L'auteur de l'article mentionne les anarcho-capitalistes et Rothbard, sans en dire de bêtises.

Ca méritait d'être souligné je pense.

La Grande Maison, portes ouvertes

Cartouche, Mandrin, La Reynie, le Cabinet noir, Fouché, Vidocq, les brigades du Tigre, l'affaire Stavisky, Papon, Bousquet, tutti quanti…, la police est au coeur de l'histoire et de l'imaginaire de notre nation. Il n'existait pas, jusqu'à présent, d'histoire d'envergure de ces gardiens de l'ordre qui fascinent autant les amateurs de romans policiers que les historiens désireux d'éclaircir les plus sombres secrets d'Etat. L'Histoire et Dictionnaire de la police, dirigé par Michel Aubouin, Arnaud Teyssier et Jean Tulard tombe à pic pour combler un vide. C'est une entreprise monumentale, ayant mobilisé une dizaine de spécialistes parmi les meilleurs, qui nous fait mieux entrer dans les arcanes de cette mystérieuse institution.

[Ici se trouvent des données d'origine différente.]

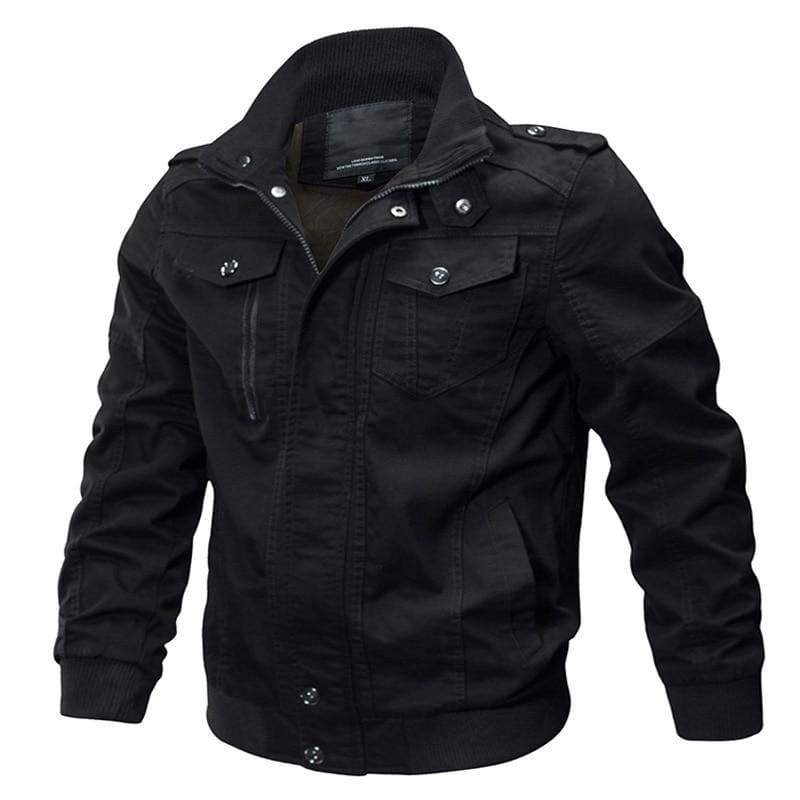 Chaqueta militar hombre botones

PAR JACQUES DE SAINT-VICTOR

[29 septembre 2005]

Dans son magistral essai Du Pouvoir, Bertrand de Jouvenel soulignait que «la puissance policière (…) a grandi à l'ombre de la démocratie. C'est à peine si l'Ancien Régime l'a connue». Dans sa réflexion libérale contre l'omnipotence du pouvoir, Jouvenel voulait ainsi dire que l'institution policière était l'enfant des temps modernes, de la croissance des Etats et des exigences de sécurité. Les sociétés anciennes se régulaient autrement, comme en témoigne le sens même du terme de «police» qui, venant du grec polis (ville) n'a désigné, jusqu'à la fin de l'Ancien Régime, que le «règlement de la cité» (d'où la police des grains, par exemple).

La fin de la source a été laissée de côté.